━━━━━ Information provided ━━━━━
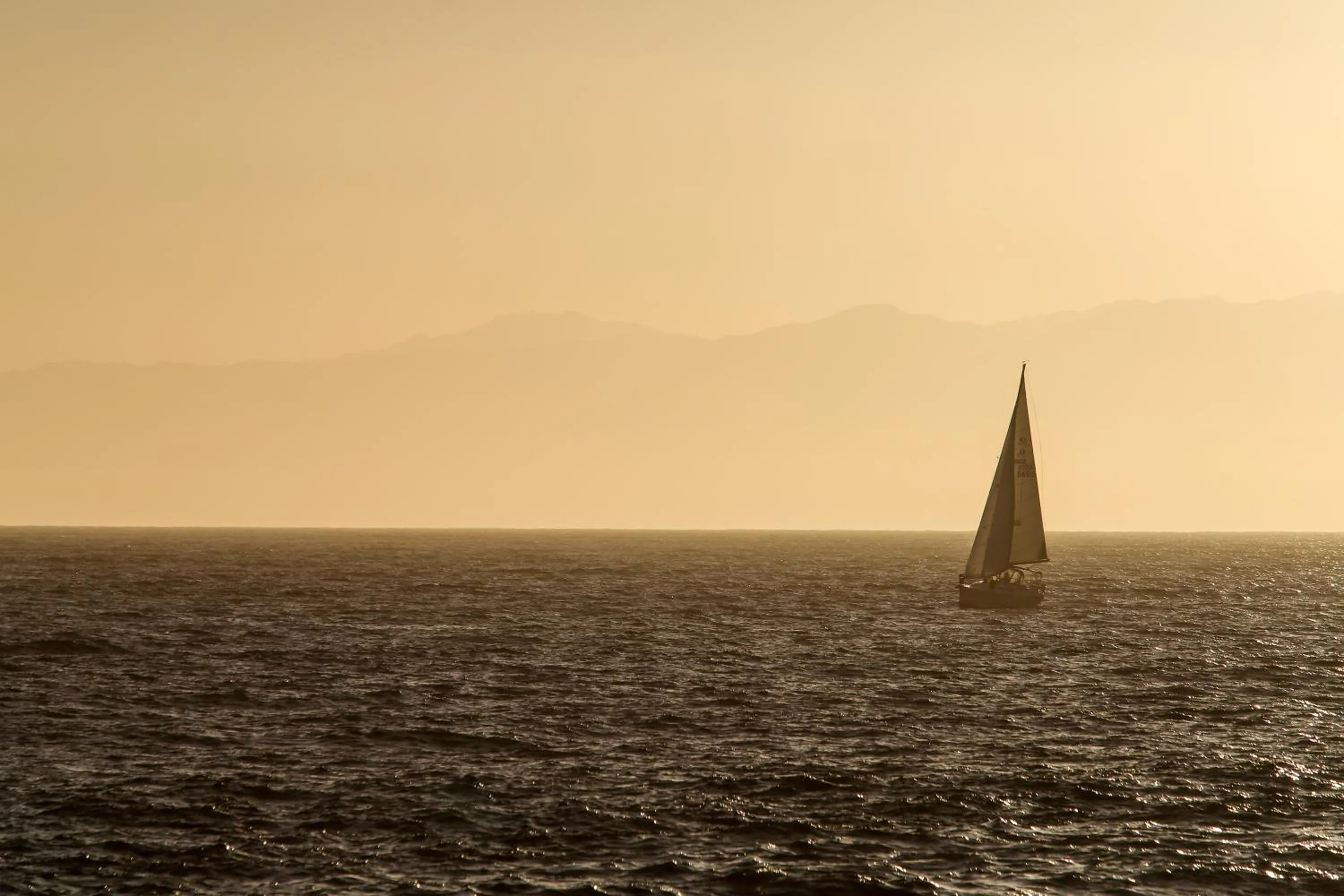 Natural landscape in Ocean Park Hotel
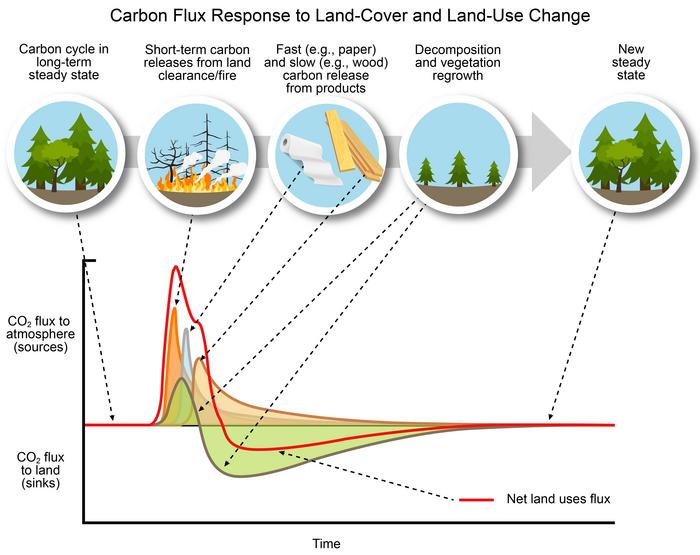 Carbon flux response, Chapter [IMAGE] | EurekAlert! Science News Releases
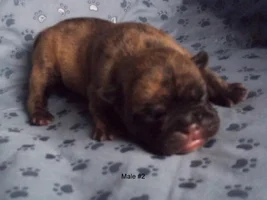 Introducing BEAU, Our New Baby!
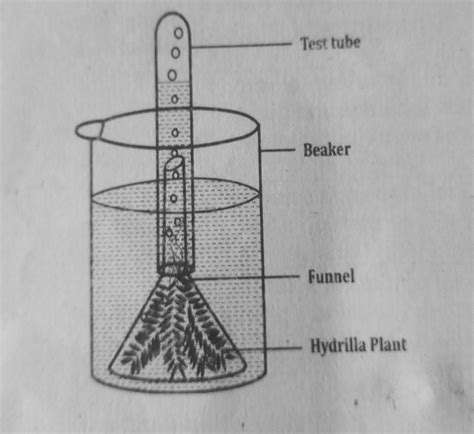 experiment on photosynthesis test tube funnel experiment - Brainly.in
━━━━━
=== To do ===
When you write out the data, keep every line exact and drop the pictures.

=== Exercise result ===
 Natural landscape in Ocean Park Hotel
 Carbon flux response, Chapter [IMAGE] | EurekAlert! Science News Releases
 Introducing BEAU, Our New Baby!
 experiment on photosynthesis test tube funnel experiment - Brainly.in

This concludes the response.